Борис Парамонов: Камилла Палья – отнюдь не сексолог, но и не только историк искусств, она культурфилософ, и склонна ставить и решать вопросы в предельно широком социально-культурном и историческом контексте. И сейчас она напомнила, что репрессия сексуальности – черта буржуазной культуры и созданного ею образа жизни. Этот образ жизни, эта психологическая установка начали преодолеваться с двадцатых годов прошлого века с появлением учения Фрейда и таких технических новаций, как автомобиль, позволивший юношам и девушкам ускользать от ежечасного родительского контроля – известный феномен “века джаза”. В шестидесятые годы началась настоящая сексуальная революция, захватившая не только нравы, но и само искусство. В этом отношении Камилла Палья очень выделяет революционирующее влияние рок-музыки. Но одновременно шла и реакция.

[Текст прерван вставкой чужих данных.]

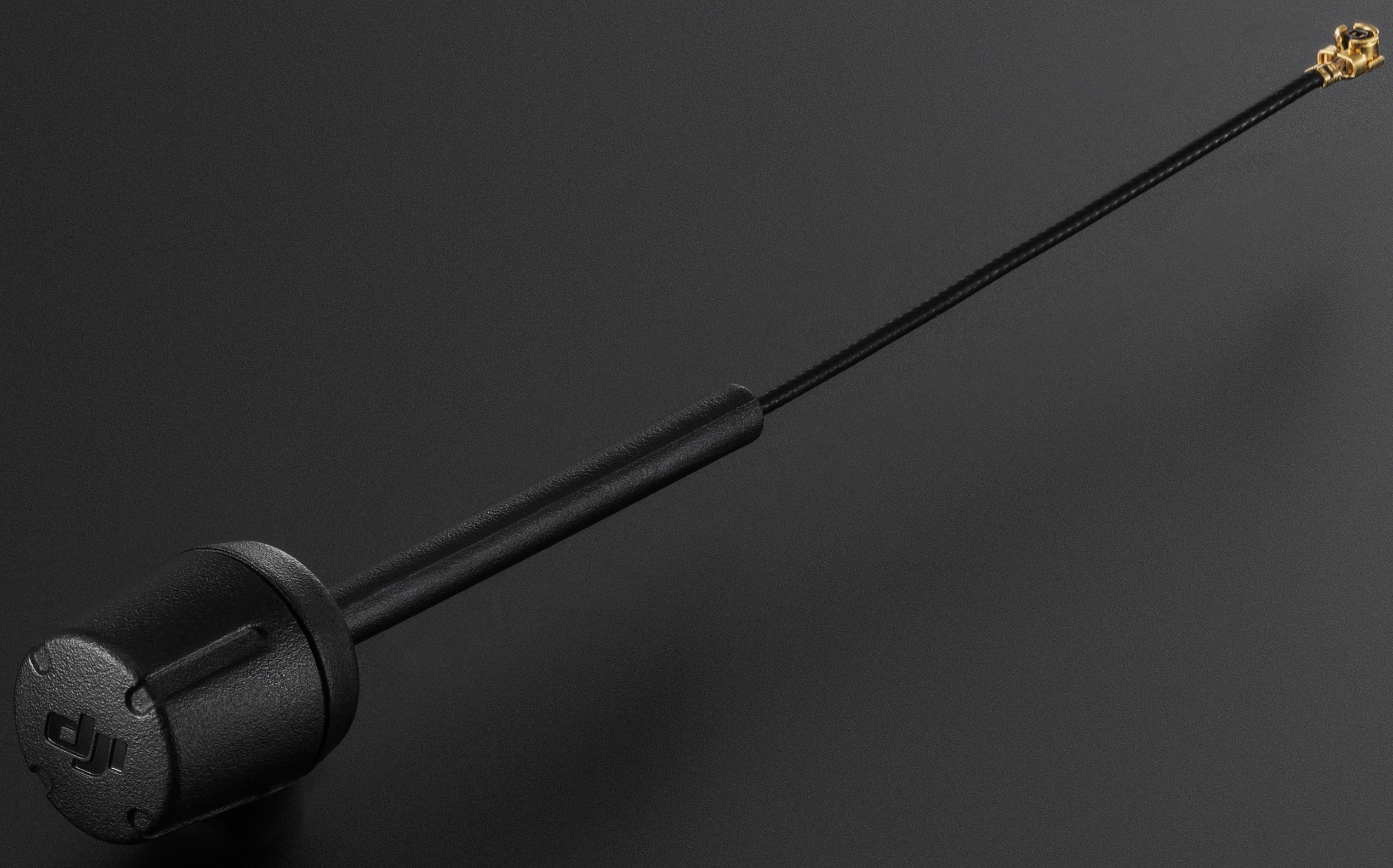Schwarze Antenne mit Metallanschluss. Sie hat ein schwarzes Kabel und einen schwarzen Fuß.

Эту реакцию Камилла Палья связывает с одуряющим влиянием новых идеологий феминизма и политической корректности. Эти идеологии сумели внушить, что представление о женщине в буржуазном обществе с его мужской доминацией создалось не в природном порядке, а являет собой социальную конструкцию, призванную закрепить господство мужчины и подчиненную роль женщины. Но Палья утверждает, что как раз нынешний культурный образ женщины как равноправного мужчине делового партнера, пресловутой “карьир-вумен” и есть наиболее искажающий социальный, то есть искусственный, конструкт. В современном мире, говорит Палья, и не только в этой статье, а во всех своих сочинениях, - женщина насильственно вырвана из природного миропорядка. То, что веками казалось – и было! – нормой, то есть сексуальное внимание мужчины к женщине, теперь представляется поводом к судебному преследованию под рубрикой сексуальных домогательств. Секс убит в офисах; а в этих офисах нынешняя женщина проводит не меньше времени, чем мужчина. Возвращаясь после напряженного рабочего дня в свои сверхкомфортабельные дома, такие пары думают больше всего о том, как бы завалиться спать, причем вне каких-либо прелиминарий.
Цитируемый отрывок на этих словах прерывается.